BMR Calculator
Calculate your Basal Metabolic Rate with the Mifflin-St Jeor equation — the calories you burn at complete rest.
Your BMR (Mifflin-St Jeor)
1,618 kcal/day
The energy your body burns at complete rest — before any movement or digestion.
BMR is an estimate from a population formula; individual metabolism varies. To find your daily calorie needs including activity, use the Calorie Calculator. This tool is informational, not medical advice.
About this tool
Your Basal Metabolic Rate is the energy your body spends just existing — heart beating, lungs breathing, brain thinking, cells repairing — measured with you at complete rest. It's typically 60–70% of everything you burn in a day, which makes it the foundation number for any calorie planning: every diet calculation starts from BMR.
This calculator uses the Mifflin-St Jeor equation, published in 1990 and identified by the American Dietetic Association's review as the most accurate of the standard formulas for modern populations — it superseded the older Harris-Benedict equation most casual calculators still use. Enter age, sex, height and weight in metric or imperial and the estimate is instant.

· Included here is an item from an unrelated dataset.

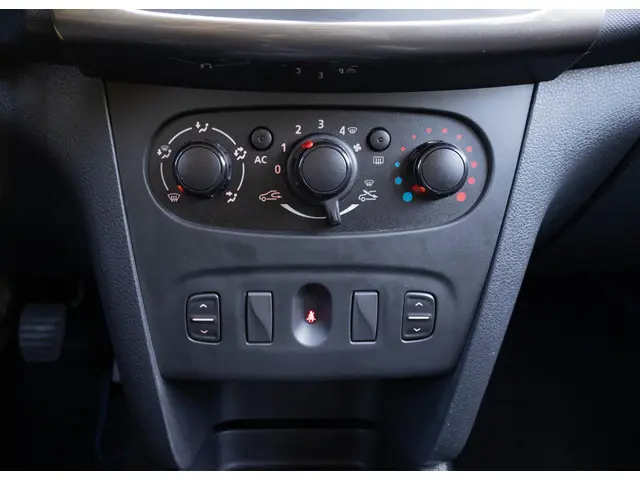 Dacia Sandero Stepway 0.9 TCe Lauréate 2014 Benzine 8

What the number means in practice: you cannot sustainably eat below your BMR for long — it's the energy cost of staying alive — and your real daily need is BMR multiplied by an activity factor. That next step is exactly what the Calorie Calculator on this site does; the two tools are designed as a pair. As with all formula-based estimates, individual metabolism varies a few percent either way, so treat the output as a well-grounded starting point rather than a lab measurement.
How to use the BMR Calculator
- 1Choose metric or imperial units and select your sex.

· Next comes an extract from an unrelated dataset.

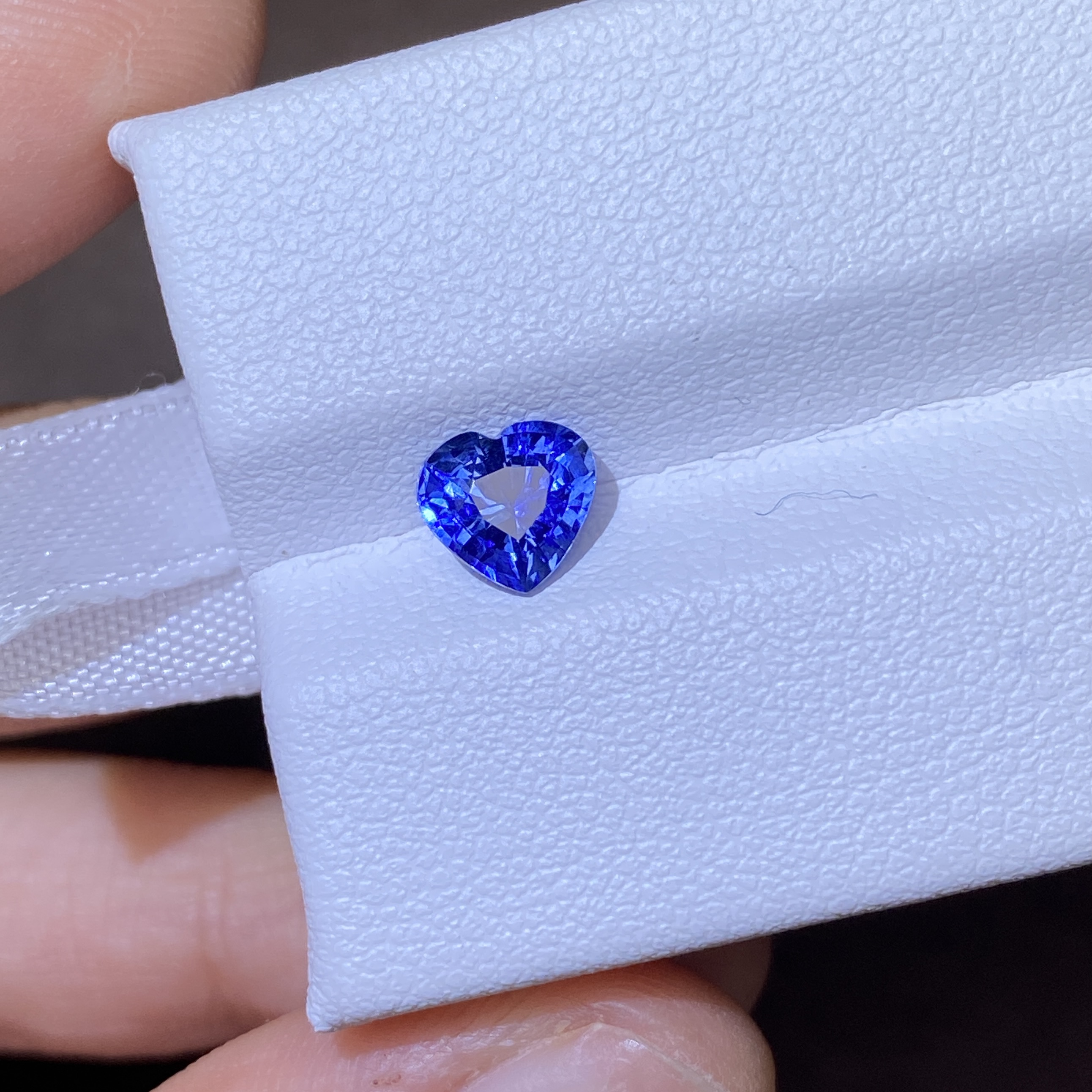  24M029 有烧矢车菊蓝蓝宝石 1.17克拉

- 2Enter your age, weight and height.
- 3Read your BMR — the calories burned per day at complete rest.
- 4Continue to the Calorie Calculator to turn BMR into your real daily needs.
Frequently asked questions
What's the difference between BMR and the calories I need daily?
BMR is rest-only. Your actual daily need (TDEE) is BMR multiplied by an activity factor — from about 1.2 for a sedentary lifestyle to 1.9 for very physical days. The Calorie Calculator on this site does that multiplication with standard factors.
Why Mifflin-St Jeor instead of Harris-Benedict?
Harris-Benedict dates from 1919 and tends to overestimate for modern populations. The Mifflin-St Jeor equation (1990) was found most accurate in the American Dietetic Association's comparative review, which is why serious calculators — including this one — use it.
Can I eat below my BMR to lose weight faster?
It's not advisable for any sustained period — BMR is the energy cost of basic bodily functions. Effective deficits are taken from total daily expenditure (TDEE), not from BMR. Aggressive prolonged restriction tends to backfire via muscle loss and metabolic adaptation. For substantial weight changes, work with a professional.
Does muscle really burn more calories at rest?
Yes — muscle tissue is metabolically more active than fat, which is one reason two people of identical weight can have different BMRs, and why formulas are estimates. Strength training raises BMR modestly over time; the formula can't see body composition.